Sunday, 24 January 2010
The calm stormy seas have been very common during this expedition. So much so that we have had to abandon our cruise track once and most other times to alter station plans working around the weather. The constant battering of the waves against the ship has also demanded a sleeping manner of heaving, tossing and turning in bed much to the chagrin of a much-required rest after a long day or night’s work. Popular inkling labors on a ‘such-is-life-at-sea’ phrase and/or ‘such-is-the-Southern-Ocean’!
However, the stormy Southern Pacific Ocean also showed a new fascia of remarkable calm never seen before during this cruise. Any discernible waves or patterns of such had ceased to exist for miles and the ocean lingered simply as a mirror of an overcast greyish day! Mountain lakes shaded by crags and hills, where time just stands still, flood into memory! Either it was a natural ‘calm before the storm’ as the cliché demands or an often conspicuous platitude of ‘calm after the storm’, owing to the then recently escaped storm, because of which we had to alter our cruise track.

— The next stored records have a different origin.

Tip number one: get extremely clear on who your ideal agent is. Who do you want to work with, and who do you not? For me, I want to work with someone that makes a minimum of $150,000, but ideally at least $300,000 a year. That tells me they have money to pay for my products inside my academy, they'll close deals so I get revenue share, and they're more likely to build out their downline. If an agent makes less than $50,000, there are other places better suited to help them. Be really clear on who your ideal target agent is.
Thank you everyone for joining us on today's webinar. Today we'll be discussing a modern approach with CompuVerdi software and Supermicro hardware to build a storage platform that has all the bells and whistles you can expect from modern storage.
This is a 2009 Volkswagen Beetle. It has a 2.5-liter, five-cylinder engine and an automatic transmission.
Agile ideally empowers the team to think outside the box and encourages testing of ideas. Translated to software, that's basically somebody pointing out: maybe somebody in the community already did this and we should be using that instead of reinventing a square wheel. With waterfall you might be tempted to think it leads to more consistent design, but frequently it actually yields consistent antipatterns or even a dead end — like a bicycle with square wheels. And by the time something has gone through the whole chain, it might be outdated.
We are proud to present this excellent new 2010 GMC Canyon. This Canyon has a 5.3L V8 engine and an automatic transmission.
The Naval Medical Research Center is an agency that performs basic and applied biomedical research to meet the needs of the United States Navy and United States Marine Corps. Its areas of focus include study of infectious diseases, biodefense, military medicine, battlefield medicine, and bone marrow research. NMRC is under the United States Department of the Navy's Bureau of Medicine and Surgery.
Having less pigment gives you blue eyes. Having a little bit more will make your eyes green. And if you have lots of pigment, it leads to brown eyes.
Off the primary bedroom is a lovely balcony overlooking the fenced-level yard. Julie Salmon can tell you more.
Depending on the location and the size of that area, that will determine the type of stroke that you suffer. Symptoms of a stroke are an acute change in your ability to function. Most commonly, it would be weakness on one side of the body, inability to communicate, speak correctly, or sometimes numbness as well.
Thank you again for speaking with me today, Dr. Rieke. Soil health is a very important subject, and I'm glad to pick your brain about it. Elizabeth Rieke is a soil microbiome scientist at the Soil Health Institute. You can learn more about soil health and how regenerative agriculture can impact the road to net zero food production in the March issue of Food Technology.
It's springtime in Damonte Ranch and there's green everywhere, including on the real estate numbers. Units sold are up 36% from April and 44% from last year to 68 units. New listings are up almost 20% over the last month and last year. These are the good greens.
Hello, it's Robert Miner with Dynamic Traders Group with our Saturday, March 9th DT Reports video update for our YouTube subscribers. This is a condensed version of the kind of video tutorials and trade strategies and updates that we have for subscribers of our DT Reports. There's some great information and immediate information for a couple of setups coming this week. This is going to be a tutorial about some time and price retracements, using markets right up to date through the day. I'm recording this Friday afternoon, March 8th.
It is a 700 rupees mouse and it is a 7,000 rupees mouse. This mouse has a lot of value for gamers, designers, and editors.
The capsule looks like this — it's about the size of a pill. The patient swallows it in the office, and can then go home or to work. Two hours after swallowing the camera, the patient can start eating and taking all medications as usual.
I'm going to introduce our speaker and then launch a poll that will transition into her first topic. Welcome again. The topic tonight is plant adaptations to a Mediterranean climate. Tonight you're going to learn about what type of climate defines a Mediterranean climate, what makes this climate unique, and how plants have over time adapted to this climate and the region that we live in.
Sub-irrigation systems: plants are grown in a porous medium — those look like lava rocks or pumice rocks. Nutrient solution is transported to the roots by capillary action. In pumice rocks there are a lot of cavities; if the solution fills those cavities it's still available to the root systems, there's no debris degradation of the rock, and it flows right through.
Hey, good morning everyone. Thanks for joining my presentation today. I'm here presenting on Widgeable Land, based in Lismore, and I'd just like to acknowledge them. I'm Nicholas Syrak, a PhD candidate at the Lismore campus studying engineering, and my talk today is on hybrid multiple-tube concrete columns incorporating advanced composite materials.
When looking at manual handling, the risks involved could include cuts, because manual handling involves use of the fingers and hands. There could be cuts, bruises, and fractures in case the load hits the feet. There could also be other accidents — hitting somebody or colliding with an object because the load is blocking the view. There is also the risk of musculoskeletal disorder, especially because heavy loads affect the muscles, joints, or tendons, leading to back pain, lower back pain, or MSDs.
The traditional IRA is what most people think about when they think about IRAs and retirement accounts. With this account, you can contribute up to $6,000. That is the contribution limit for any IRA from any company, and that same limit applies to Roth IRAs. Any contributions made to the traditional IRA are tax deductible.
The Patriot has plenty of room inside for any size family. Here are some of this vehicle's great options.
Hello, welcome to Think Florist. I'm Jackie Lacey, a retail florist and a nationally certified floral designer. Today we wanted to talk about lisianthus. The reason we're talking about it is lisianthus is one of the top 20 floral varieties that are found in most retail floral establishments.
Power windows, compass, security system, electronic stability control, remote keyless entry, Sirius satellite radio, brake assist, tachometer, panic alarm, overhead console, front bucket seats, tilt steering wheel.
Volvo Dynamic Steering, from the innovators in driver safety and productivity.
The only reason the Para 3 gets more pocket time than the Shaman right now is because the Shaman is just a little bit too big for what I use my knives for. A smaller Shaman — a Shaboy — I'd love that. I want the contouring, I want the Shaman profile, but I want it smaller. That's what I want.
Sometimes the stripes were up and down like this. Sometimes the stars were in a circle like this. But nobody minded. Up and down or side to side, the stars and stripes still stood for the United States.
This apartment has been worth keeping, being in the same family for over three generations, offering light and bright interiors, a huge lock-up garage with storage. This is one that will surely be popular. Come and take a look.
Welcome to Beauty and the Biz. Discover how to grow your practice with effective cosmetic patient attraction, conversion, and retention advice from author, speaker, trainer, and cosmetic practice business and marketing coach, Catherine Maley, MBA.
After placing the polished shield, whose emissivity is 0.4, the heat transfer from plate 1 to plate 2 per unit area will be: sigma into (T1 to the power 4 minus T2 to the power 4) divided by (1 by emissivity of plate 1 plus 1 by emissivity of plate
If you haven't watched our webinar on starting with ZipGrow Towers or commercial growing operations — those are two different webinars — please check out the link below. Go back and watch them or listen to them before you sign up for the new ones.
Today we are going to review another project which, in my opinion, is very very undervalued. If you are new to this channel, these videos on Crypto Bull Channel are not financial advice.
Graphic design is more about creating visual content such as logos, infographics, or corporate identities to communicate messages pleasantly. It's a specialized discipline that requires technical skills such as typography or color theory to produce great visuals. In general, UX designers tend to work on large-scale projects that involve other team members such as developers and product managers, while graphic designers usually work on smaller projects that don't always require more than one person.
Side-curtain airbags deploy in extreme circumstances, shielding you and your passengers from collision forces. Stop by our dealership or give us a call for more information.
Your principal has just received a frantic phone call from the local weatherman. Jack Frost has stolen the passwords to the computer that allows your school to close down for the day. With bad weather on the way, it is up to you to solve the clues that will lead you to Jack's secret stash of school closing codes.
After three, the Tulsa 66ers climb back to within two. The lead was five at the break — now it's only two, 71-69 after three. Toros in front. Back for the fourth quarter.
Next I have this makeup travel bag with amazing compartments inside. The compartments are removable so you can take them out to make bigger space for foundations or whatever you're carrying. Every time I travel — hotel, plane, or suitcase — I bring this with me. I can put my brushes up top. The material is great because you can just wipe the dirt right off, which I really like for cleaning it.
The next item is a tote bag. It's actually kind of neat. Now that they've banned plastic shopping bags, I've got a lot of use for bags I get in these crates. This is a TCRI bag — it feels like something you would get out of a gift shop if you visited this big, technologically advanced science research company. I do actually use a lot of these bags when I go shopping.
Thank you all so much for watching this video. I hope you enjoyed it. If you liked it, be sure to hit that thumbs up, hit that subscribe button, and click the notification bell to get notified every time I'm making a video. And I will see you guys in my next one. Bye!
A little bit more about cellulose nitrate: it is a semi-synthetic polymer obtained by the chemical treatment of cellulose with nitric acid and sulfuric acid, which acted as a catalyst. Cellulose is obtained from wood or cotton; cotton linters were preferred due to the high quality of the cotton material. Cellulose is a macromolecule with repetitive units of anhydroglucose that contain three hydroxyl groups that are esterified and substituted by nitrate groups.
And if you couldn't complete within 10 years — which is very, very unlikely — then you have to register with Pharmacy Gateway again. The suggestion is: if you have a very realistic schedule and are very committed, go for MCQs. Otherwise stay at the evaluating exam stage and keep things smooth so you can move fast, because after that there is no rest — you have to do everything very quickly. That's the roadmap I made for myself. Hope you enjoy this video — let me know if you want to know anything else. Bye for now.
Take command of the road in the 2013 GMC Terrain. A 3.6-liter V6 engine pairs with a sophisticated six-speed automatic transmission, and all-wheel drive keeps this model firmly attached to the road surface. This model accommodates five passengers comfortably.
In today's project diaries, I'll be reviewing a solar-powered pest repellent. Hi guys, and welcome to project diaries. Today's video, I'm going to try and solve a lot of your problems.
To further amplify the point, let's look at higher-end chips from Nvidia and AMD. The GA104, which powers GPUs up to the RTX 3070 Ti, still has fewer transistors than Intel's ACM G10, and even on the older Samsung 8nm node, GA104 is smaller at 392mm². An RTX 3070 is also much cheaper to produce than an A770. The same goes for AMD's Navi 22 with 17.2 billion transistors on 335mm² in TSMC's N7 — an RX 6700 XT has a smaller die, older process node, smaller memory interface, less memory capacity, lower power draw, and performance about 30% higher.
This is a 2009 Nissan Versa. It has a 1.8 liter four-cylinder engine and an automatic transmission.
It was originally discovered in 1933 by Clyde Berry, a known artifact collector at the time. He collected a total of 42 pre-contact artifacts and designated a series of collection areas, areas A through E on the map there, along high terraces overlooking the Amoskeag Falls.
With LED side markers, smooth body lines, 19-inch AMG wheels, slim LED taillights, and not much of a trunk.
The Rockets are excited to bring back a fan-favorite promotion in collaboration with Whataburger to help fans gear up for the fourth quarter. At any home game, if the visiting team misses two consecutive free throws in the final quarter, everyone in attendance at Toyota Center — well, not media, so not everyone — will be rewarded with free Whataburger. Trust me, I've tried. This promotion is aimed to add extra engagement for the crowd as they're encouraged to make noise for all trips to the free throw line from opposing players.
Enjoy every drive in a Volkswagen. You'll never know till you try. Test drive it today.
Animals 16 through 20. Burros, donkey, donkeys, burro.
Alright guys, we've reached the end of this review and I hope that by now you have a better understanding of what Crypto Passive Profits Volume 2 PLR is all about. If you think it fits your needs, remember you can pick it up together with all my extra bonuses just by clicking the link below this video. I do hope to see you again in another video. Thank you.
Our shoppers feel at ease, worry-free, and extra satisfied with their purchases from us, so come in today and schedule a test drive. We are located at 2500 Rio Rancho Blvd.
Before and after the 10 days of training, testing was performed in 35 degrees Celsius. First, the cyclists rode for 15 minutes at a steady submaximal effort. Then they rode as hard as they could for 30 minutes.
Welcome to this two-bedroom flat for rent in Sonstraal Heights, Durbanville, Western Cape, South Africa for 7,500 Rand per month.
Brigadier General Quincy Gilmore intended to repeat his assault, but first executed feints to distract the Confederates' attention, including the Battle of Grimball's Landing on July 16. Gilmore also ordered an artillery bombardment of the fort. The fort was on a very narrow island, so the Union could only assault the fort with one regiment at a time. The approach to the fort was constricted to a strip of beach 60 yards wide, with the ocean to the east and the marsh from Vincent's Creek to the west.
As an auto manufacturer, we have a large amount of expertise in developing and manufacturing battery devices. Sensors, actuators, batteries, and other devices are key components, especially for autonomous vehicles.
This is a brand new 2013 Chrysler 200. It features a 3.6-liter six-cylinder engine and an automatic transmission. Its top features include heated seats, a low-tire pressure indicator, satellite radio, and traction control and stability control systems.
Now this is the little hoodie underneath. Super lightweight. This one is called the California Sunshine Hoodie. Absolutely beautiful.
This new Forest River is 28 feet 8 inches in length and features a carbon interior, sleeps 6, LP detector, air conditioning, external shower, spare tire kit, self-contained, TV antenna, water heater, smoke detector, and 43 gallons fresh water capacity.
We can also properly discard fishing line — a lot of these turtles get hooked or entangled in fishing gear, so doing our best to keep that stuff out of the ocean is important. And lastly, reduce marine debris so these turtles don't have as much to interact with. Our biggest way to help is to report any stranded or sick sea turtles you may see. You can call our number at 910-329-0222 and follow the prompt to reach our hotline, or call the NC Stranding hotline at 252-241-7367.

Yet, such calm ambiance also provided an opportunity to reflect on the immediacy of our track to New Zealand and the rising air temperatures (of about 10° C) evident of reaching sub-tropical regions after being on sea for exactly 53 days. It is the Tuesday January 19th 2010 as I write and we arrive in New Zealand on the 25th January midnight touching the dawn of the 26th January 2010.